HELLER, BUNIM (1908–1998), Yiddish poet. Born in Warsaw to a ḥasidic family, Heller became a devoted communist and was forced to flee Poland for Paris in 1937 because of his political activities, returning to Warsaw in 1939. After the Blitzkrieg, Heller fled to Bialystok, where he lived for two years before escaping to the interior of Russia, living for the balance of the war in Alma-Ata, Kazakhstan, before moving to Moscow for a brief period. In 1947, Heller returned to Poland, where he lived in Lodz and Warsaw and became active in several Yiddish literary organizations. In 1956, he left Poland for Brussels and, in 1957, settled in Tel Aviv where he lived the remainder of his life. A life-long committed communist, Heller contributed his poems, essays, and translations to the radical Yiddish press in France, Poland, America, Argentina, Uruguay, Brazil, and Israel.

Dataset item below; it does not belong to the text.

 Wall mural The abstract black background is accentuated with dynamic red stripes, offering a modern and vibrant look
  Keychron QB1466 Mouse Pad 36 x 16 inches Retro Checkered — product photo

Heller is perhaps best known for his poems of his hometown Jewish community, including "In Varshaver Geto Iz Khoydesh Nisn" ("It Is the Month of Nissan in the Warsaw Ghetto," 1948).

bibliography:

lnyl, 3 (1960), 185ff; M. Ravitch, Mayn Leksikon, 3 (1958), 165–8; M. Gross-Zimmerman, Intimer Videranand (1964), 281–6. add. bibliography: D. Sfard, Shrayber un Bikher (1949), 65–75.